Structured JSON logging.

Creates an observe.log() middleware that emits structured JSON log events for every lifecycle phase.

Logs session, turn, model, and tool start/end events as LogEvent objects. By default, writes JSON lines to stderr — suitable for structured logging pipelines (Datadog, Grafana, ELK, etc.).

Enhanced with: level, agentName, turnId, durationMs, error, traceId/spanId correlation, and opt-in recordContent.

ObserveLogOptions

Optional configuration

Middleware

Middleware that logs all lifecycle events

// Default: JSON lines to stderr
agent.use(observe.log())
// Custom output with level-based routing:
agent.use(observe.log({
output: (event) => {
if (event.level === "error") pino.error(event)
else pino.info(event)
}
}))
// With content recording (prompts/responses at debug level):
agent.use(observe.log({ recordContent: true }))

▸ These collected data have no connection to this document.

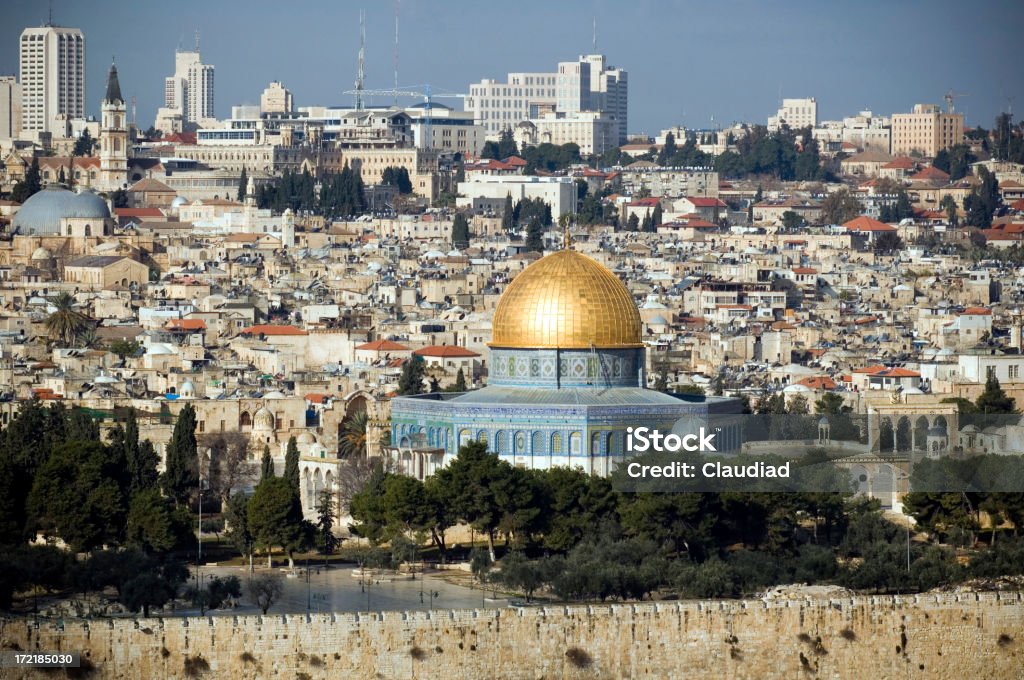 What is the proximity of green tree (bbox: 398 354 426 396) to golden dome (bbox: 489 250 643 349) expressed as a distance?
21.1ft

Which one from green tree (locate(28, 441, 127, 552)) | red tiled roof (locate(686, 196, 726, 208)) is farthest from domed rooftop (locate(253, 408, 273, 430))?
red tiled roof (locate(686, 196, 726, 208))

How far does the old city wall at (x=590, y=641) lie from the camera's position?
27.4m

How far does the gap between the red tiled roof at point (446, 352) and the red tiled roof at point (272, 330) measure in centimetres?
464

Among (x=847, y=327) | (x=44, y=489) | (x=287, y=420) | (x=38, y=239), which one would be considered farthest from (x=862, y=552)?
(x=38, y=239)

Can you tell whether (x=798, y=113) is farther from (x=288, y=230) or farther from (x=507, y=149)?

metrics: (opts?) => Middleware = observeMetrics

Prometheus/OpenMetrics metrics via OTel Meter API.

Creates an observe.metrics() middleware that tracks agent performance metrics via the @opentelemetry/api Meter API.

Two modes:

  • With @opentelemetry/api installed: creates counters/histograms via the Meter API. User configures their own MeterProvider and exporter (Prometheus, OTLP, etc.).
  • Without: emits MetricEvent objects via output() callback.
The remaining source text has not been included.